_Task_: The output must contain exactly the lines from the top of the listing below through the line containing "Minneapolis apartment for", and no pictures.

_Entries provided_:
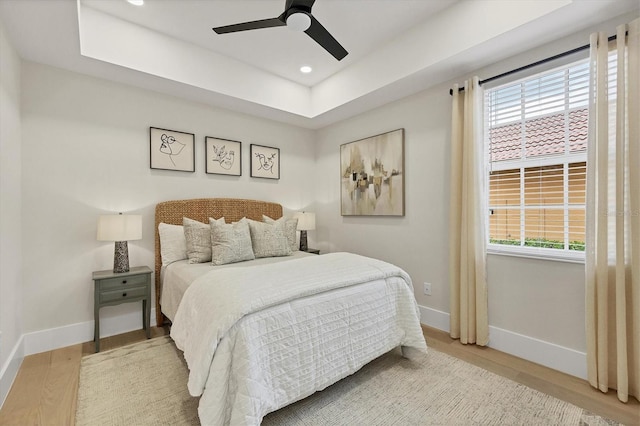 bedroom featuring hardwood / wood-style floors and ceiling fan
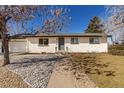 Charming single-story brick home with a well-manicured lawn and inviting front entrance, plus attached garage at 6699 S Pennsylvania St, Centennial, CO 80121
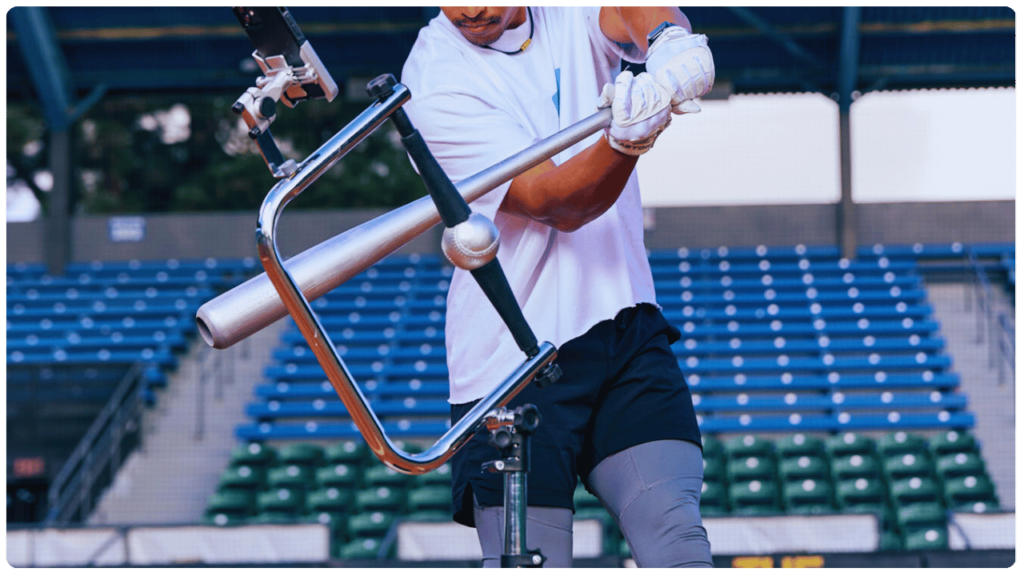 Baseball player using a tee for improving youth baseball swing, practicing precision bat-to-ball contact in a stadium setting.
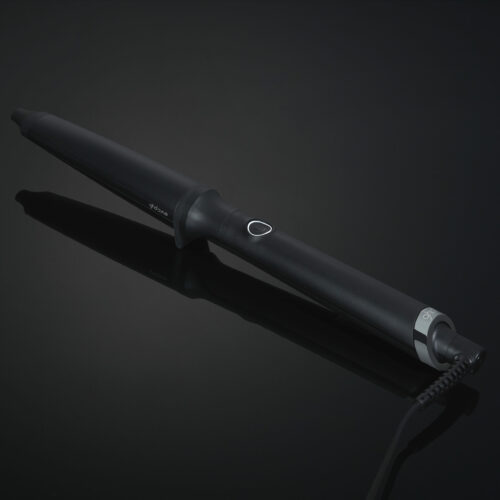 Boucleur GHD Creative Curl Wand pour des boucles souples et définies avec une température constante de 185°C.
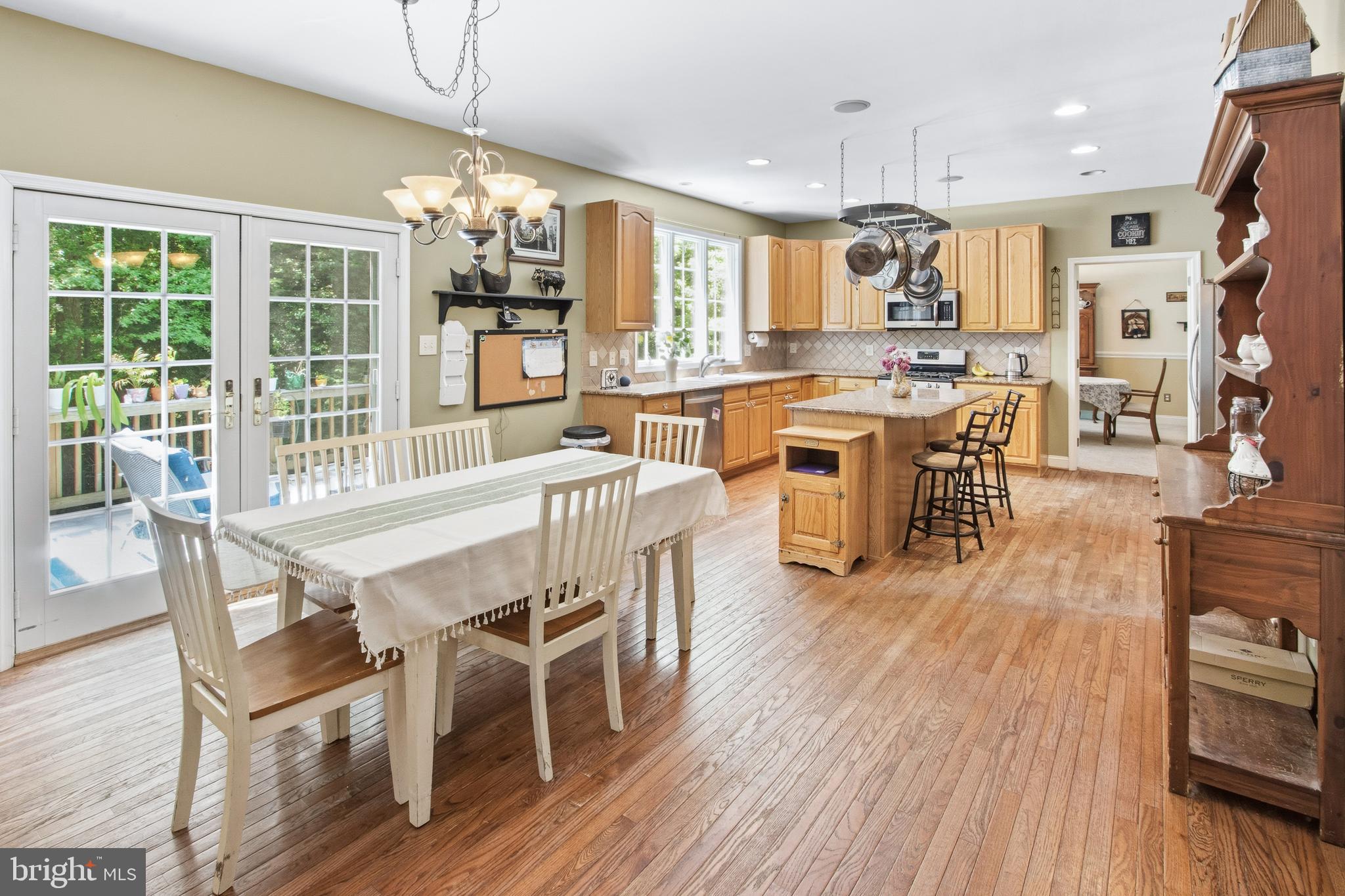 15 Hollybrook Road Mullica Hill, NJ 08062 - Photo 3 of 38 a view of a dining room and livingroom with furniture wooden floor a chandelier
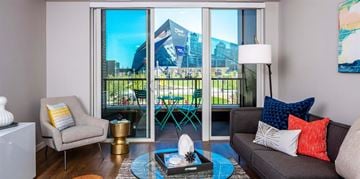 Minneapolis apartment for rent - A living room with a grey couch and a coffee table in front of a large window.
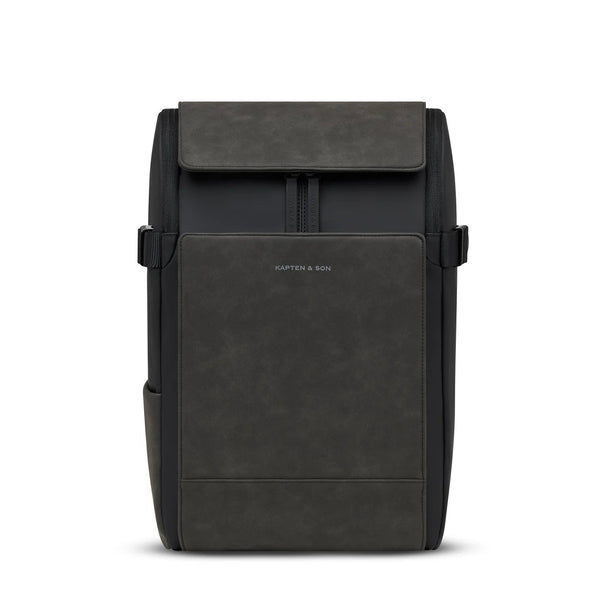Kapten & Son Bali Medium Backpack in black — structured travel backpack with flap closure and vegan suede panel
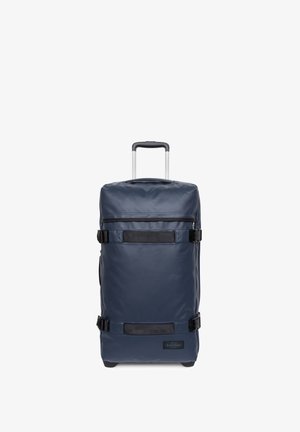 Borsone trolley blu navy con finitura lucida, caratterizzato da due cinghie nere, manico superiore e manico retrattile in alluminio.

_Your solution_:
 bedroom featuring hardwood / wood-style floors and ceiling fan
 Charming single-story brick home with a well-manicured lawn and inviting front entrance, plus attached garage at 6699 S Pennsylvania St, Centennial, CO 80121
 Baseball player using a tee for improving youth baseball swing, practicing precision bat-to-ball contact in a stadium setting.
 Boucleur GHD Creative Curl Wand pour des boucles souples et définies avec une température constante de 185°C.
 15 Hollybrook Road Mullica Hill, NJ 08062 - Photo 3 of 38 a view of a dining room and livingroom with furniture wooden floor a chandelier
 Minneapolis apartment for rent - A living room with a grey couch and a coffee table in front of a large window.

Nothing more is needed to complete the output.